Dominique Strauss-Kahn, attendu comme un messie, a longtemps été le chouchou des médias [1]. Mais « l’affaire du Sofitel » l’a fait tomber de son piédestal. Qu’importe : la presse habituellement classée à gauche ou au centre-gauche lui a rapidement trouvé un équivalent et un remplaçant en la personne de François Hollande. C’était leur choix…

… Seulement voilà : les porte-voix de ces médias le nient. Pis : ils s’offusquent qu’on puisse le croire. Et c’est tout l’intérêt de ce film de le montrer, à grand renfort d’entretiens. À entendre Nicolas Demorand de Libération, Laurent Joffrin du Nouvel Observateur ou Maurice Szafran de Marianne, leur média ne « roule » pas pour le candidat socialiste… « Pas ça, pas nous », affirme en substance chacun d’eux en déclarant que tous les autres, en revanche, soutiennent bien Hollande. Évidemment. Cette comédie devient transparente quand Szafran, alors que la caméra semble arrêtée, concède : « L’Obs a soutenu Hollande, nous, on a plutôt soutenu Hollande, Libé a plutôt soutenu Hollande, Le Monde a plutôt soutenu Hollande […]. » L’arrogance avec laquelle ils affichent leur neutralité de façade est parfois burlesque, souvent déconcertante. Alors, pourquoi ne pas l’admettre ? Pourquoi cette duplicité ? Pourquoi ne pas admettre que, à l’instar du Figaro (supporter de Nicolas Sarkozy) ou de l’Humanité (supporter de Jean-Luc Mélenchon), les journaux qui le nient sont des journaux de parti pris, voire des journaux partisans qui soutiennent François Hollande ? Cela irait mieux en le disant, non ?

Ce film met également en lumière les passions qui agitent le microcosme médiatique et, en particulier, l’amour inconditionnel des journalistes de compétition pour le seul arbitre de l’élection : le sondage. On invitera un candidat en fonction de sa popularité dans les sondages… sans jamais se demander si sa popularité dans les sondages n’est pas due, ne serait-ce que partiellement, à sa présence dans les médias. Ainsi, l’élection présidentielle est l’occasion de pointer du doigt le mépris réservé par les grands médias à ceux qu’ils appellent les « petits » candidats. Le crédit qui leur est accordé par les journalistes est malheureusement corrélé à leur score dans les sondages d’intention de vote… Et quand ils accèdent enfin au micro, les distorsions qualitatives se combinent aux distorsions quantitatives, car les contrôleurs d’antenne et autres intervieweurs s’emploient à les maltraiter. Exceptionnellement invités pour parler du fond, ils doivent d’abord faire face à une série de questions et remarques subalternes, consistant la plupart du temps à justifier leur existence.

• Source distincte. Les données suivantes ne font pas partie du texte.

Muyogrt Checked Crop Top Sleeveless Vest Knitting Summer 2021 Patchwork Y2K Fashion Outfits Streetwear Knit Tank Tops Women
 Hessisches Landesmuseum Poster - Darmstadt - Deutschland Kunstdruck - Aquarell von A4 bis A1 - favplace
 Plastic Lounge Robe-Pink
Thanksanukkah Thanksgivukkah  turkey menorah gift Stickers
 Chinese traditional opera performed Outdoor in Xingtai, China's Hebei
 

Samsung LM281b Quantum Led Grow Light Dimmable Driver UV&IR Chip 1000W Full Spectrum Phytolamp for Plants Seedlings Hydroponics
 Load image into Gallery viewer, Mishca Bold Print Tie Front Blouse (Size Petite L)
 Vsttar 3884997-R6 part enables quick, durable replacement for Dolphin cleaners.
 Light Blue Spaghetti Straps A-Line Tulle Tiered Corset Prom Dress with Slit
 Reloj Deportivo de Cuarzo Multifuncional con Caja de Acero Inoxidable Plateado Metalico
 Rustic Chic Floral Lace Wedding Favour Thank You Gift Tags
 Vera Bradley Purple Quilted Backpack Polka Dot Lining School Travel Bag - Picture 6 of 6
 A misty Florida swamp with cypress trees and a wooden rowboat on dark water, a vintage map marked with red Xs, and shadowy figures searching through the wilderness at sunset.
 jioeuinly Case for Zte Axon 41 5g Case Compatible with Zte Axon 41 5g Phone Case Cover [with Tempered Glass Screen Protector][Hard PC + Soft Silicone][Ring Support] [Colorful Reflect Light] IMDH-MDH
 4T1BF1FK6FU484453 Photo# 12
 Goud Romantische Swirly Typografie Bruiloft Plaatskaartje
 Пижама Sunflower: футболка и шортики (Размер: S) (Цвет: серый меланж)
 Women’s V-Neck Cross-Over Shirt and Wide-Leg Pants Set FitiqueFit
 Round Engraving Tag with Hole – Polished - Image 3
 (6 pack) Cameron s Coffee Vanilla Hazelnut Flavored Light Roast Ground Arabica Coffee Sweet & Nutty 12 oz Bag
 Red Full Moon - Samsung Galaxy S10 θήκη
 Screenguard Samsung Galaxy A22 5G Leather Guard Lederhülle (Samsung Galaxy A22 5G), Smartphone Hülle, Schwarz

Si la campagne pour l’élection de 2012 n’a pas échappé à cette règle, c’est dans l’émission « Le Grand Journal » de Canal +, régulièrement épinglée par Acrimed, que les disparités ont été les plus significatives. « Vous devez être le prototype du candidat inutile dans cette campagne. Totalement inutile. » C’est ainsi par exemple que Jean-Michel Aphatie, également interrogé dans le film, donnait son avis sur le pluralisme lorsqu’il s’exprimait face à Jacques Cheminade, sur Canal Plus, le 31 janvier 2012 [2].

Qu’importent les rares moments consacrés au fond et au programme des candidats, le message principal reste : il existe des candidats légitimes et d’autres illégitimes. Les premiers sont consacrés par les sondages, leurs commanditaires et leurs gardiens, les seconds sont enterrés, par les mêmes juges, avec « la morgue et le mépris » qu’on leur connaît parfois. À ce sujet, dans le film « DSK, Hollande, etc. », Eva Joly revient sur la façon dont elle a été traitée tout au long de cette campagne, et comment les médias ont mis en doute, avec une régularité insolente, sa candidature, ne l’interrogeant que rarement sur des enjeux politiques.

En commentant une campagne comme un match à coups de sondage quotidiens, on ne peut aborder le fond, les questions sociales, économiques, internationales, qu’en pointillés. Et lorsque le fond est (enfin) abordé, il se fait dans un cadre bien précis. Brygo, Carles et Van Opstal, montrent bien que si les médias en question contribuent à dépolitiser le débat politique, ils se comportent en même temps en fervents défenseurs d’un statu quo idéologique, politique et institutionnel.